Strong opioids are no more effective than acetaminophen or nonsteroidal anti-inflammatory drugs (NSAIDs) in patients with musculoskeletal disease and other forms of noncancer pain, according to a review published in Joint Bone Spine.1
According to the World Health Organization (WHO), pain treatment should be prescribed in three distinct steps2:
- Step 1: (mild pain) non-opioid analgesics (e.g. paracetamol), to which if necessary an adjuvant can be added
- Step 2: (mild to moderate pain) weak acting opioid analgesics, to which if necessary non-opioid analgesics and adjuvants can be added
- Step 3: (moderate to severe pain) strong acting opioids, to which if necessary non-opioid analgesics and adjuvants can be added.

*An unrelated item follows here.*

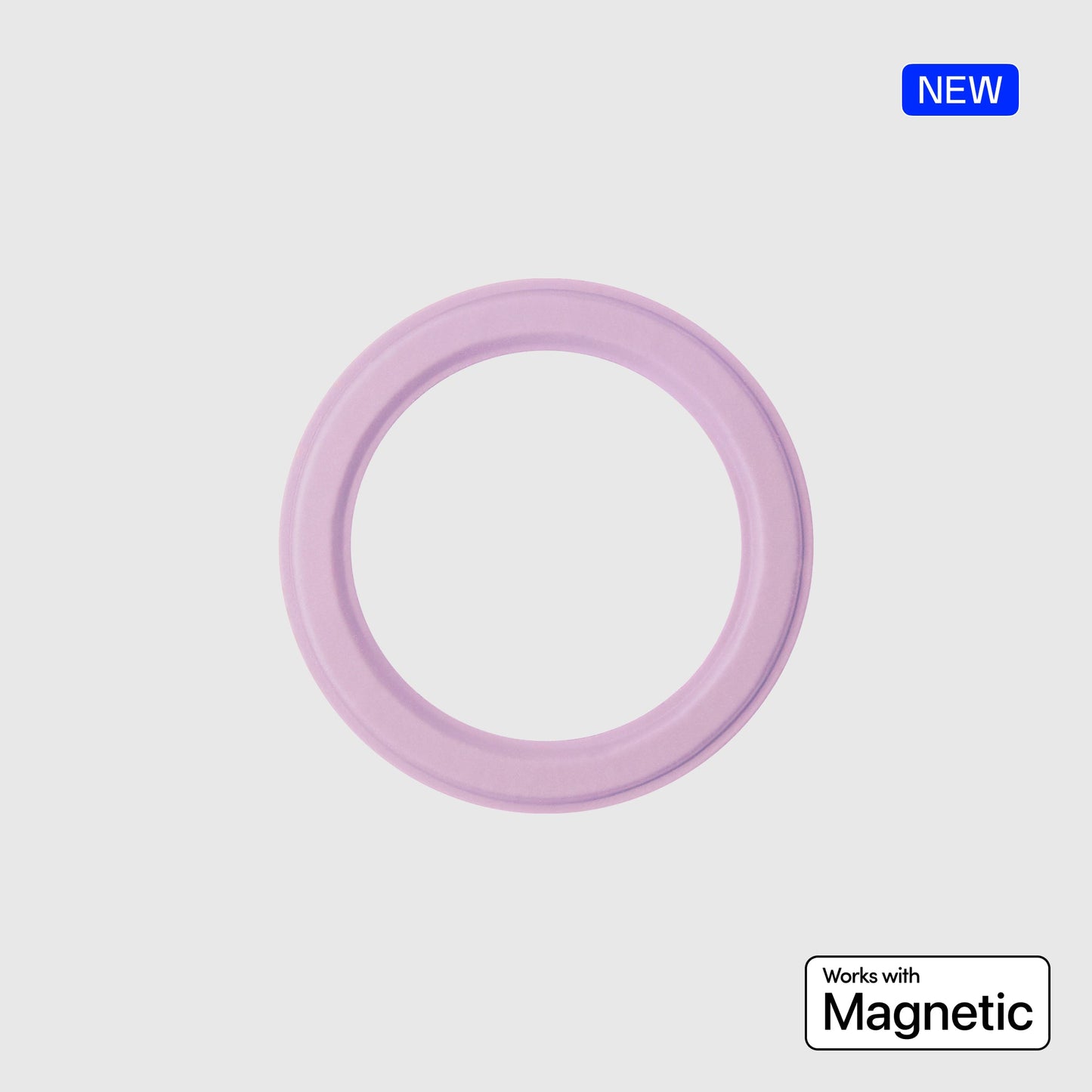 Magnetic Adapter Ring - hyodo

Strong opioids, including morphine, fentanyl, and oxycodone, have been on the top step (step III) of the WHO analgesic ladder for many years. However, it may be time to rethink this model; when it comes to noncancer pain, strong opioids are neither strong nor effective.

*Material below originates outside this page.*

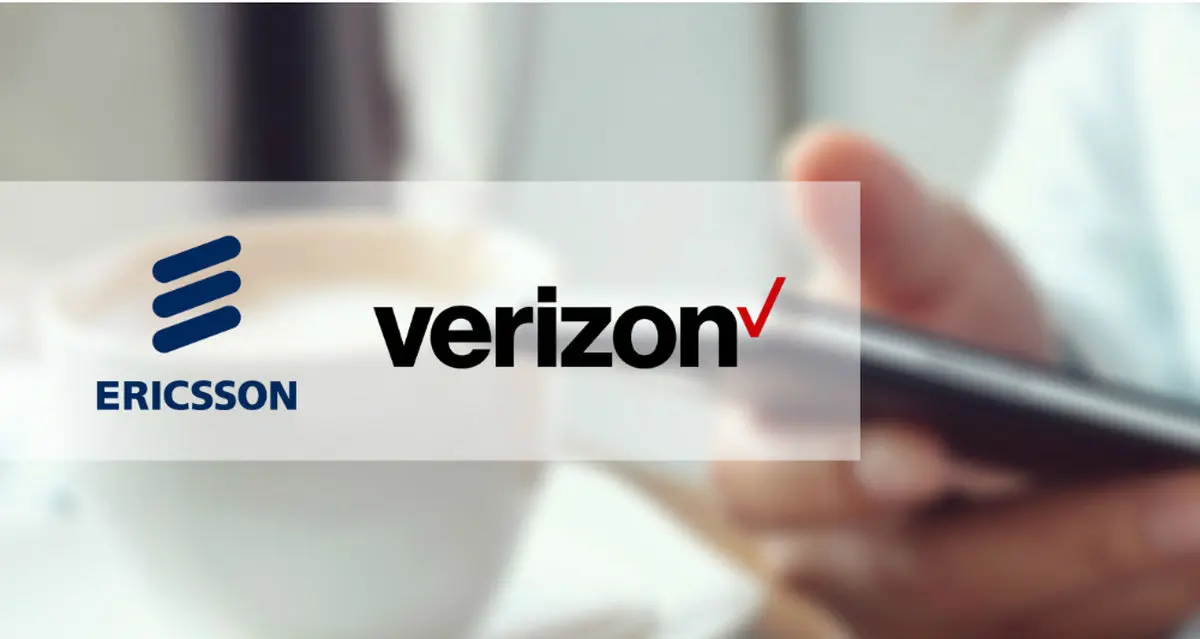 اریکسون و ورایزن رکورد سرعت اینترنت را در شبکه LTE زدند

“This is a review, so there is nothing here [that] we don’t already know — in fact, there is not much evidence for use of any opioids for longer than 3 months,” Troy Buck, MD, an assistant professor of anesthesiology and pain management from Loyola University Medical Center in Maywood, Illinois, told Clinical Pain Advisor.
Jahangir Maleki, MD, a pain management specialist at the Cleveland Clinic’s Center for Neuro-Restoration, agrees that opioids may be overestimated for pain. However, they have other important benefits, he notes.

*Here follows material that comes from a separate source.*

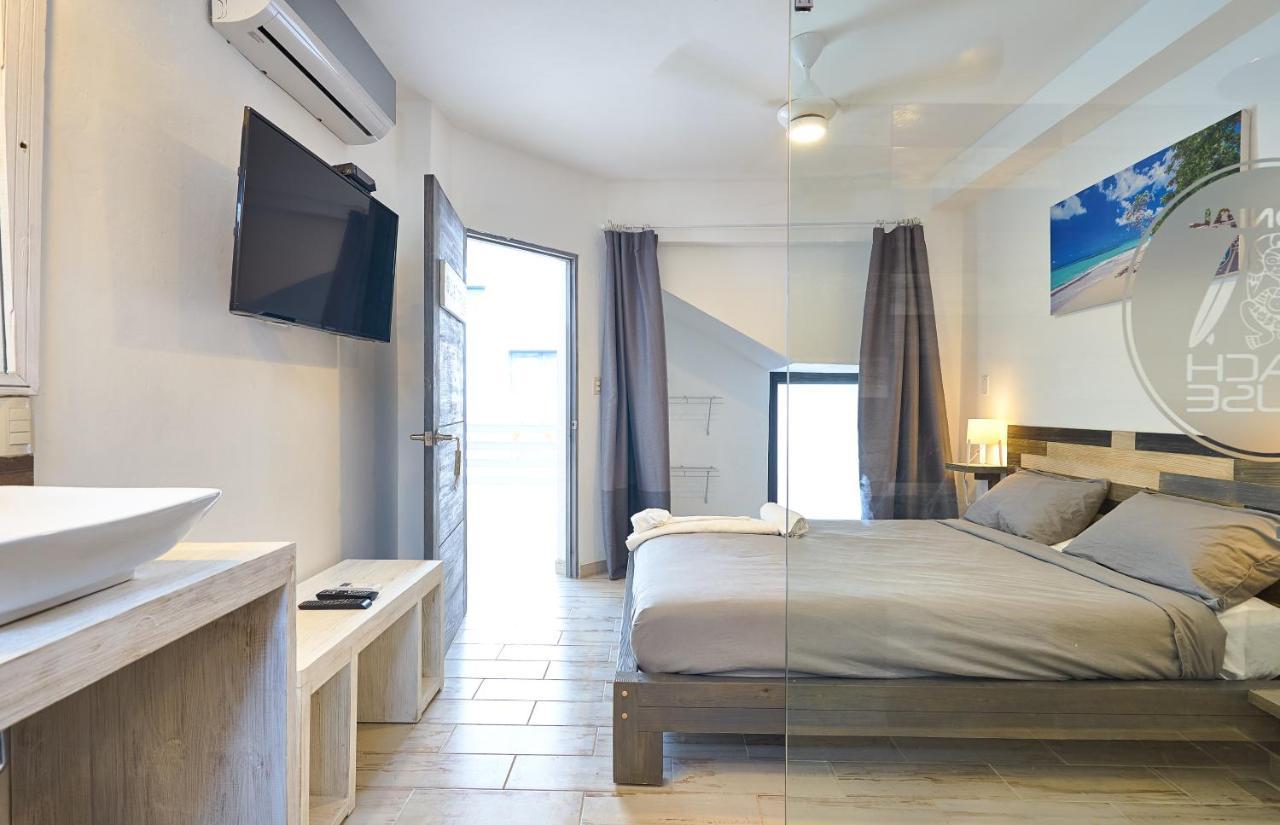 Colonial House Otel Santo Domingo Dış mekan fotoğraf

“In terms of other good indications, there are many. I would invite the authors of this review to join an anesthesiologist for a day. They would see what opiates are capable of delivering before, during, and after any surgery. Opiates [achieve] more than just analgesia. Sedation, relaxation, and mood elation are great benefits, if used properly in acute conditions,” Dr Maleki told Clinical Pain Advisor.
What the Research Shows
The review authors note that there is a “stunning” lack of high-quality studies on the efficacy of step III analgesics, especially given their widespread use and abuse. Among their findings:1
- Several randomized, double-blind, emergency-room trials found that IV acetaminophen was similarly effective or superior to IV morphine in patients with conditions such as renal colic, low back pain, and acute limb pain.
- In a trial of 137 patients with intense and acute limb pain, there was no difference in pain relief between 1 gram of IV acetaminophen and 0.1 mg/kg of IV morphine.
- In 31 studies of chronic neuropathic pain, opioids were only slightly more effective than placebo.
- A meta-analysis of oxycodone used to treat diabetic neuropathy, postherpetic neuralgia, or fibromyalgia concluded there was no proof of efficacy, but there were more side effects.
- A systematic review of opioids for osteoarthritis pain found them no more or less effective than NSAIDs.
All of these studies examined opioid doses below 100 mg/day morphine-equivalents. Although higher opioid doses may achieve greater analgesia, are they worth the cost?